The four stories would scarcely be worth dwelling on were it not for the turn they were to give my whole future. For if they had not been written, I should never have entered the underground, since I should not have been back in the party where the underground could reach me.
Moscow reacted to the stories at once. In International Literature, Elistratova, the reigning Soviet woman critic, wrote of Can You Hear Their Voices?: “It gives a revolutionary exposition of the problem of the agricultural crisis and correctly raises the question of the leading role of the Communist Party in the revolutionary farmers’ movement.” She added: “For the first time (in American writing), it raises the image of the Bolshevik.”
It was the voice of authority. It could scarcely have been more explicit if I had written the party’s theses on the agricultural crisis. “So,” I thought, “my quarrel is not with Moscow or with Comrade Stalin. Raise the line correctly, and Moscow instantly accepts it. My quarrel is with the invincible stupidity and pettiness of the American Communist Party.” That half-truth was to cost me dear. But I have since come to think that Moscow was as mistaken in me as I was in Moscow.

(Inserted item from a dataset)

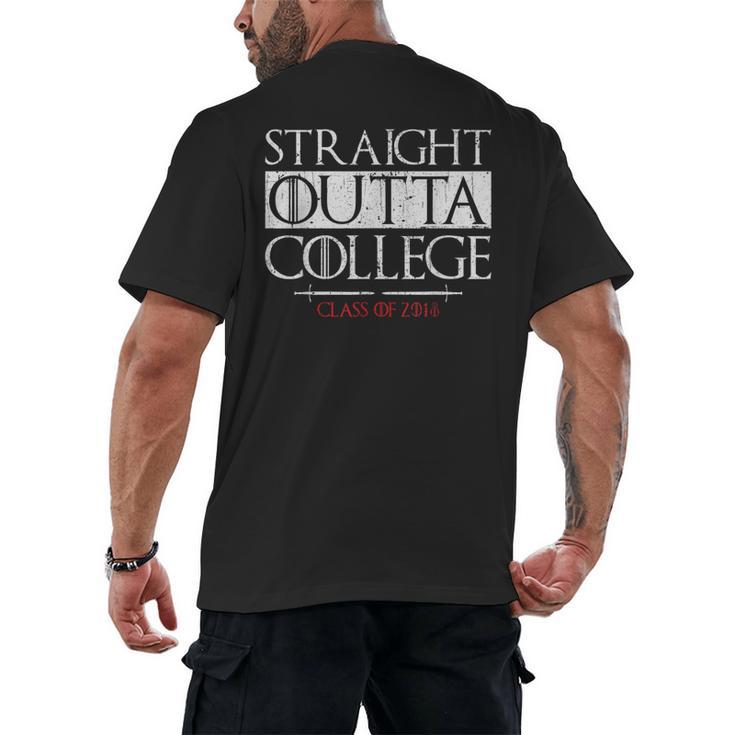 Straight Outta College Shirt Class Of 2018 Graduation Men's Back Print T-Shirt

In Washington, one day, J. Peters surprised me by mentioning that he had been in Moscow when the stories appeared. He had fought fiercely to keep the State Publishing House from translating and publishing them. I asked him why. “They are against the party,” he said, and we both dropped the touchy subject. At the time, I thought that Comrade Peters’ views were somewhat narrow.
I think now that anyone who has the patience to read those four stories will agree that I was wrong, and that Comrade Peters was right. For in retrospect, it is easy to see that the stories are scarcely about Communism at all. Communism is the context in which they are told. What they are really about is the spirit of man in four basic commitments—in suffering, under discipline, in defeat, in death. In each, it is not the political situation, but the spirit of man which is triumphant. The success of the stories was due to the fact that for the first time that spirit spoke to American Communists in a context and a language which it was permissible for them to hear: For the same reason, Peters feared the stories. For he rightly sensed that Communism may never make truce with the spirit of man. If it does, sooner or later, it is the spirit of man that will always triumph, for it draws its strength from a deeper fountain.
XXX
It was rather embarrassing. Moscow had spoken. But the American Communist who “for the first time had raised the image of the Bolshevik” was not in the American Communist Party. Something must be done quickly.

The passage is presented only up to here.